Puritanismo progre
A este paso terminaremos midiendo nuestras expresiones como hacían en 'La Codorniz' para sortear a la censura. O a hablar en clave. Lo que en el fondo se esconde aquí es la ausencia de sentido democrático en los que insisten en estas malditas prácticas
Tararear por la calle determinadas canciones de los ochenta puede traerte problemas. Si algún ofendidito te escucha y le da por ponerlo en conocimiento de las autoridades, ya tienes el lío montado. Lo mismo sucede con los piropos, las miradas, o los simples comentarios que hagas alejados de la actual tiranía de la corrección política. La estrategia totalitaria que está detrás de todo esto se ha llevado a las leyes para tratar de imponerse socialmente, y sin darnos cuenta hemos comenzado a vivir como en una dictadura.

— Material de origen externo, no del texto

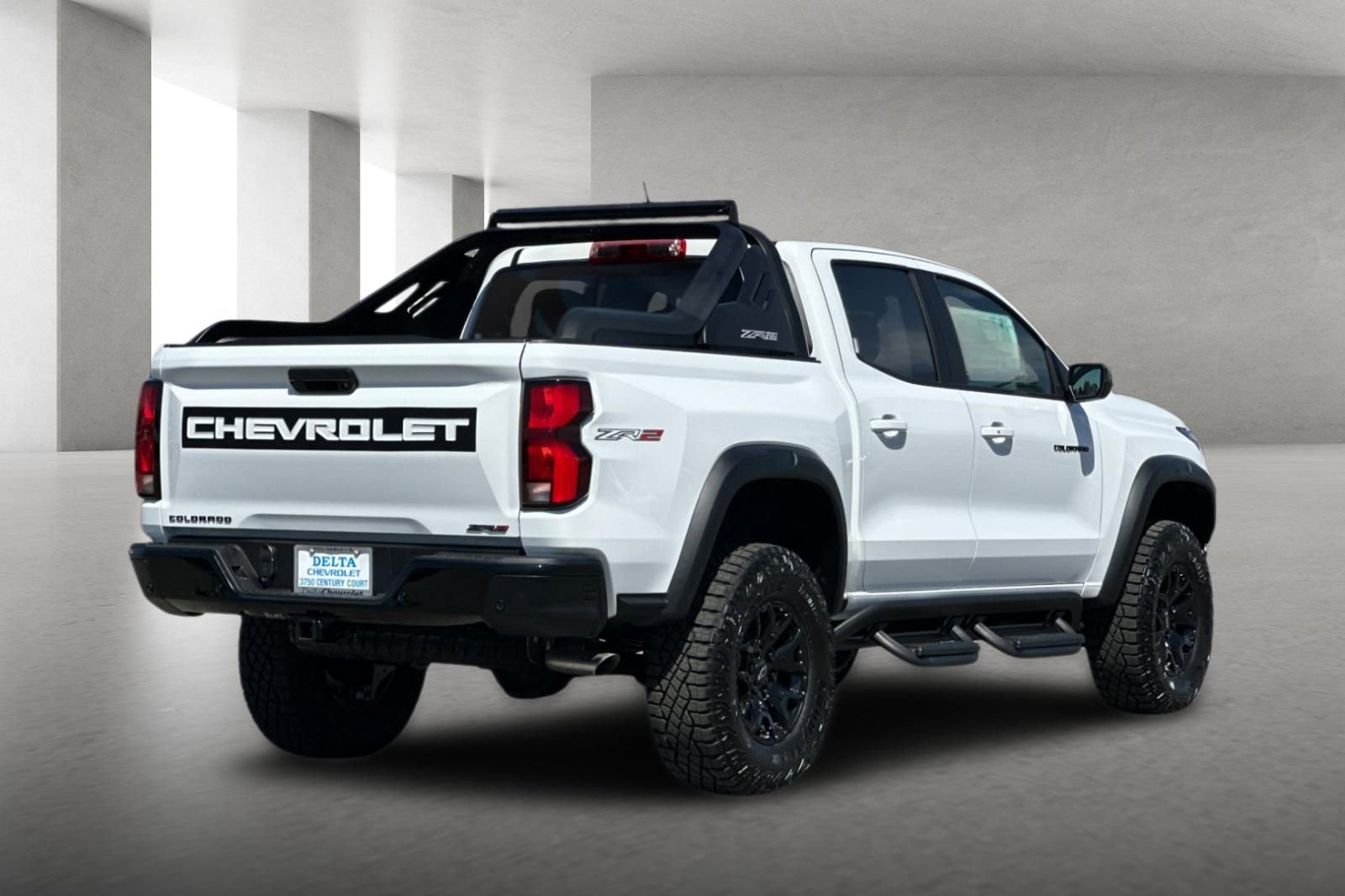 New 2026 Chevrolet Colorado ZR2 w/ Midnight Edition AWD/4WD image 4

Ahora ni se puede opinar de ciertas épocas históricas más que en un sentido, ni censurar la infinidad de desvaríos que alientan cada dos por tres estas criaturas. Desde que llegaron a la escena pública no han cesado de criminalizar el pensamiento corriente y moliente, haciéndonos pasar por un trágala infumable en los más variados terrenos. Defender algo tan elemental como la diferencia entre un hombre y una mujer resulta hoy arriesgado, pero no patrocinar que un chiquillo de corta edad pueda decidir cambiar de sexo de un día para otro. Enfrentar las innumerables barbaridades que llevan años proponiendo, próximas al delirio patológico, es casi una heroicidad en una sociedad pastueña que se ha ido tragando todos esos despropósitos como si tal cosa, sin poner pie en pared para preservar su forma de ver la realidad y la verdad que hay en ella.
Cuando España era una democracia, a nadie se obligaba a seguir a un grupo musical que interpretara temas con letras escandalosas y puestas en escena desvergonzadas. Podían compartirse o no sus formas, pero no pasaba de ahí. El rechazo se limitaba a la reprobación pública y poco más, porque se entendía que la libertad amparaba que tuvieran fieles incondicionales, aunque de pésimo gusto. En la actualidad ese panorama es inviable, por un deplorable puritanismo progre que no deja de forzarnos a vestir de caqui y a hacer lo que a ellos les da la gana que hagamos.
Esta repelente ola de estandarización que pretende obligarnos a un odioso lenguaje único y a dinamitar la formidable variedad de planteamientos que son la esencia de cualquier democracia, no deja de extenderse. Y lo peor es que crece el número de personas encantadas de servir como correa de transmisión de esa indecencia, despertando viejos fantasmas del pasado. Por lo que se ve, ya no están solos los cuáqueros en esta cargante tendencia, sino que los acompañan ahora aquellos que procuran sin descanso hacernos comulgar a los demás con ruedas de molino, aun cuando poco haya que moler ahí.
Este infame neopuritanismo lo protagonizan los extremistas que tenemos la desgracia de soportar, con su contumaz objetivo de colocar en la ley conductas afines a sus postulados y de penalizar al discrepante, porque lo suyo sigue siendo convertir en blanco y negro realidades que siempre fueron en tecnicolor, presionándonos para hacer o dejar de hacer según qué cosas, y para comportarnos de conformidad con sus dogmas, por más que sean un soberano disparate.
A este paso terminaremos midiendo nuestras expresiones como hacían en La Codorniz para sortear a la censura. O a hablar en clave. Lo que en el fondo se esconde aquí es la ausencia de sentido democrático en los que insisten en estas malditas prácticas. No son capaces de comprender algo tan básico como que en una nación cohabitan ciudadanos de muy diverso pelaje que no tienen obligación alguna de aceptar pulpo como animal de compañía. Es esa pluralidad el mayor tesoro de cualquier país, que por más que se empeñen no es posible sustituir por herramientas jurídicas que busquen instaurar un pensamiento normalizado incapaz de persuadir a la inmensa mayoría. Estos nuevos puritanos, obsesionados con la máquina de concebir preceptos para atar corto a los que piensan diferente y convertir en un infierno la convivencia, no son solo unos pelmazos de mucho cuidado, sino unos totalitarios de marca mayor.
«Si no puedo bailar, no es mi revolución», gritaban en el mayo francés. Habría que recordárselo a esa colección de impresentables que siguen atormentándonos con su afán de implantar una uniforme y estúpida manera de vivir y pensar, reglamentada en los más ridículos detalles y con abierta hostilidad a la heterodoxia.